- [Task to carry out]: Word-for-word repetition of the records below is needed, but only from the line holding "Room Divider Curtain" through the final line, with pictures excluded.

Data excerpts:
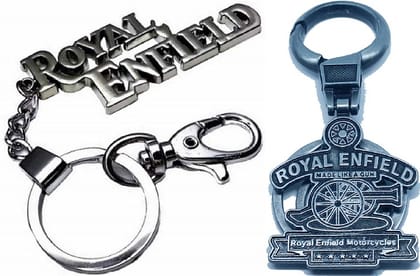 KD COLLECTIONS Bike Metal Hook Keychain Compatible With Royal RE Bullet Classic Bike & Cars - Combo - Multicolor - Pack of 2 Keychains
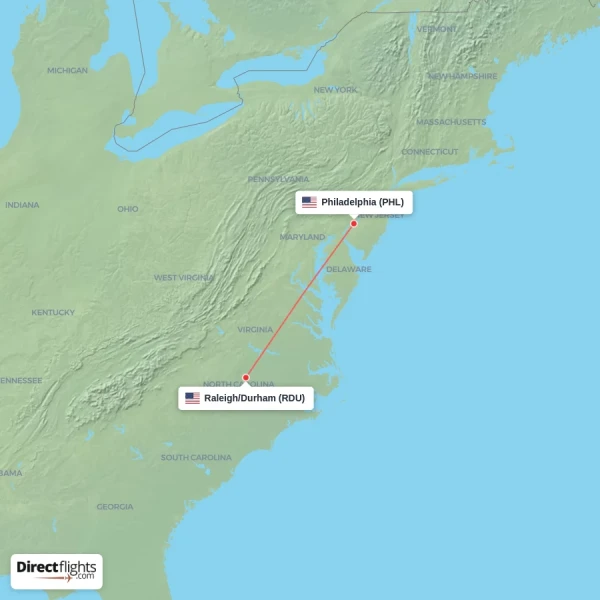 Philadelphia - Raleigh/Durham direct flight map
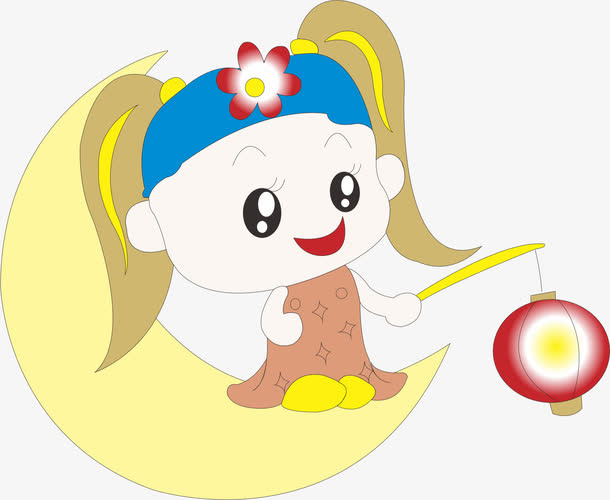 拿着灯笼的月亮免抠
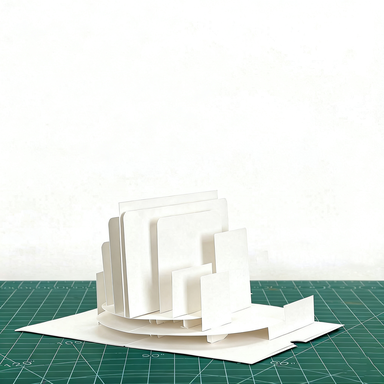 3D Pop Up Tiered Building Greeting Card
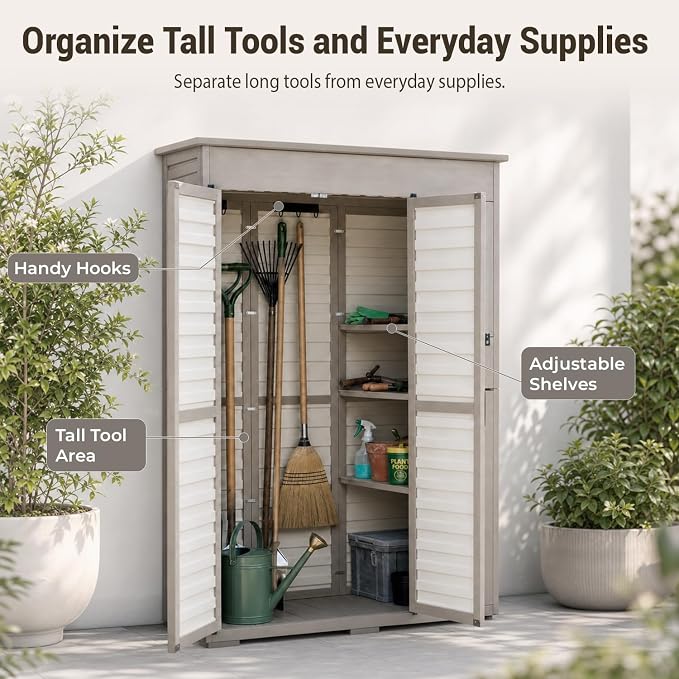 Ketive Outdoor Storage Cabinet, Fold-Down Shelf, 3 Shelves, 6 Hooks | Fir wood frame, textured plastic panels, and a sloped roof for patios, porches, gardens, and sheltered outdoor areas.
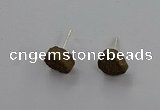 NGE295 5*8mm - 7*10mm freeform plated druzy agate earrings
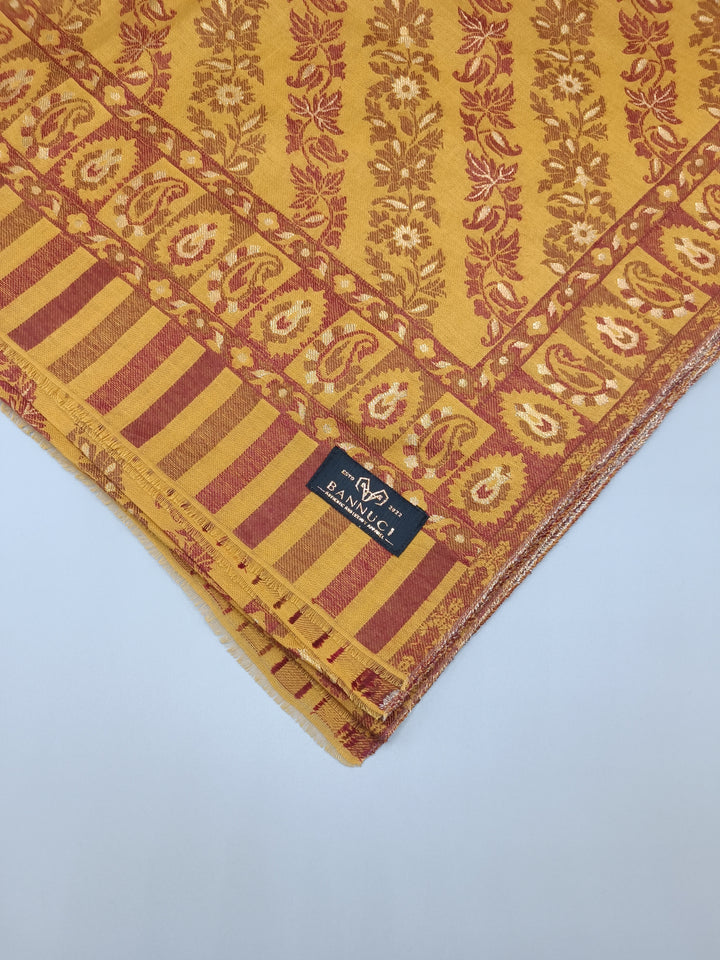 Premium Quality Yellow Red Woven Pashmina Cashmere Shawl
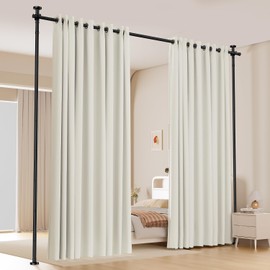 Room Divider Curtain Rods No Drilling, 28-70in/W Adjustable Wall Divider for Room Separation, Portable Partition Room Dividers W/Tension Curtain Rod, Room Divider Screen Panel for Space Separator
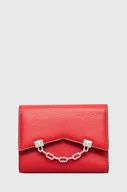 Portfele - Karl Lagerfeld portfel skórzany damski kolor czerwony - miniaturka - grafika 1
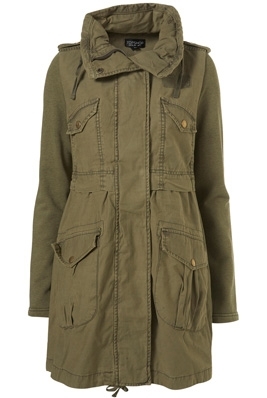 Topshop Khaki Jersey Sleeve Oversize Pocket Parka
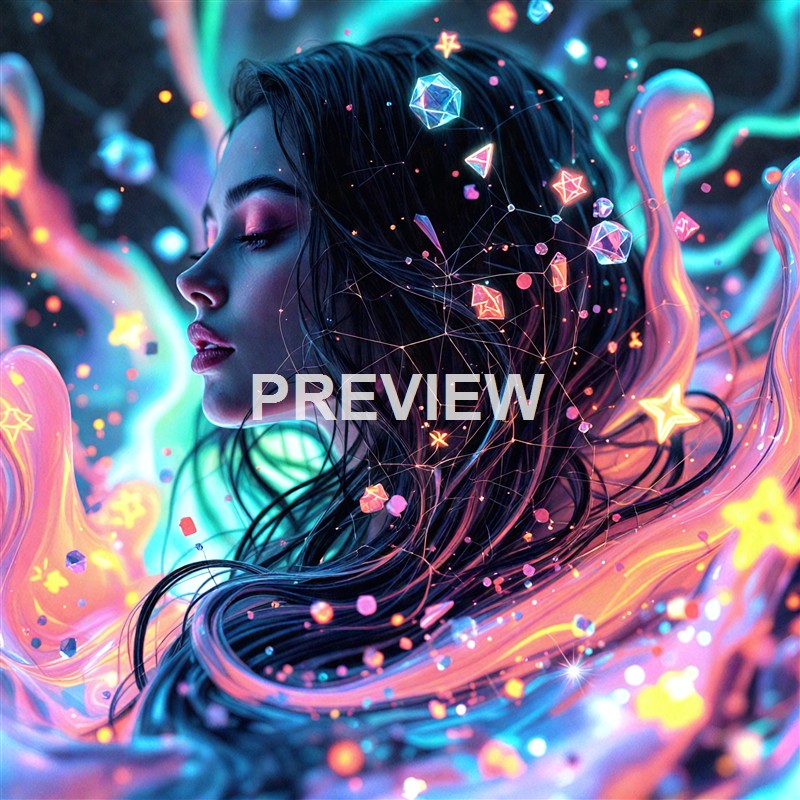 A digitally created image of a woman with long, flowing dark hair, surrounded by glowing geometric shapes and colorful, swirling light effects that give a surreal and futuristic impression.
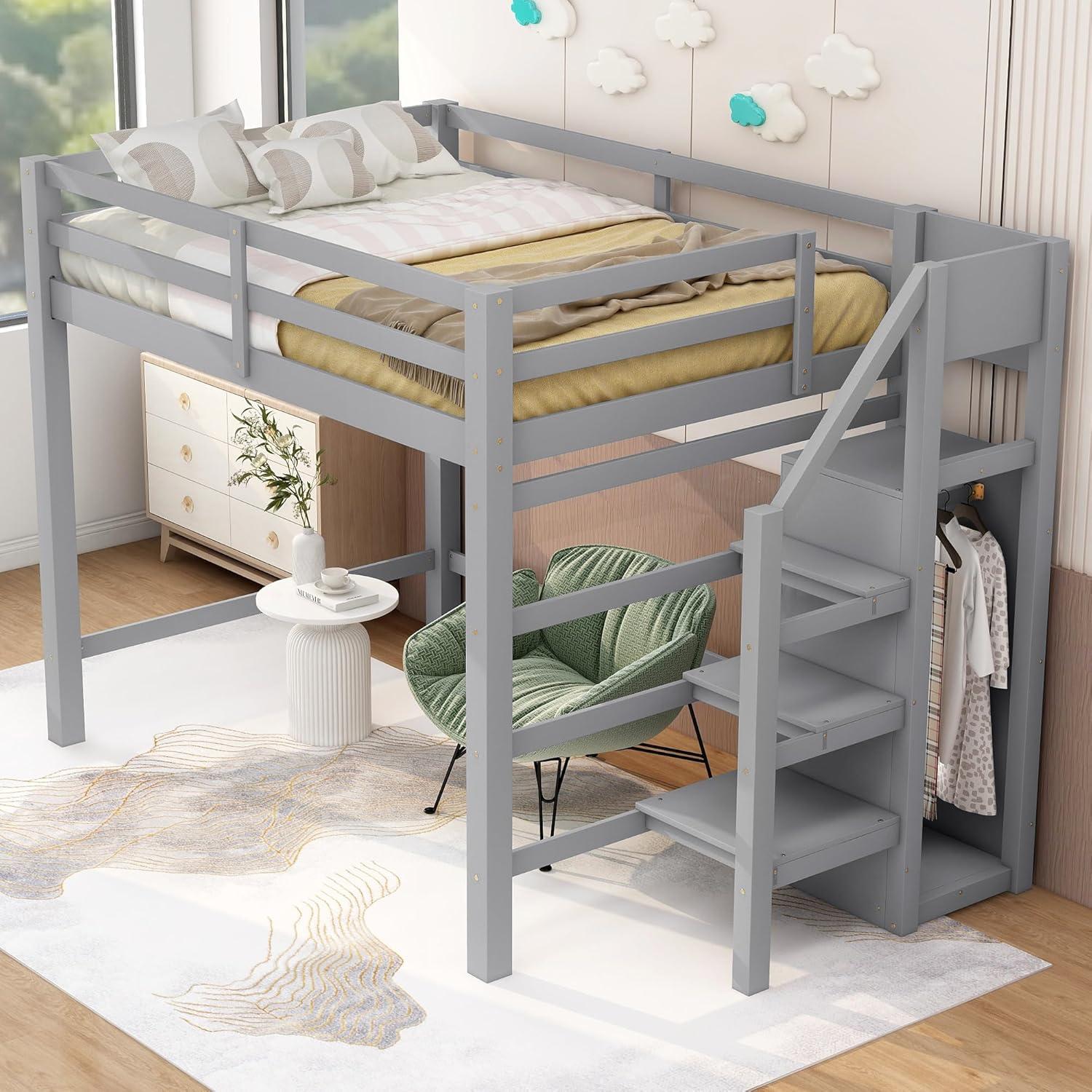 Harper & Bright Designs Full Size Loft Bed with Storage Shelves & Wardrobe, Wood Full Loft Bed Frame with LED Light for Kids Teens,Adults,Space Saving High Loft Bed,White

- [Output of the exercise]:
 Room Divider Curtain Rods No Drilling, 28-70in/W Adjustable Wall Divider for Room Separation, Portable Partition Room Dividers W/Tension Curtain Rod, Room Divider Screen Panel for Space Separator
 Portfele - Karl Lagerfeld portfel skórzany damski kolor czerwony - miniaturka - grafika 1
 Topshop Khaki Jersey Sleeve Oversize Pocket Parka
 A digitally created image of a woman with long, flowing dark hair, surrounded by glowing geometric shapes and colorful, swirling light effects that give a surreal and futuristic impression.
 Harper & Bright Designs Full Size Loft Bed with Storage Shelves & Wardrobe, Wood Full Loft Bed Frame with LED Light for Kids Teens,Adults,Space Saving High Loft Bed,White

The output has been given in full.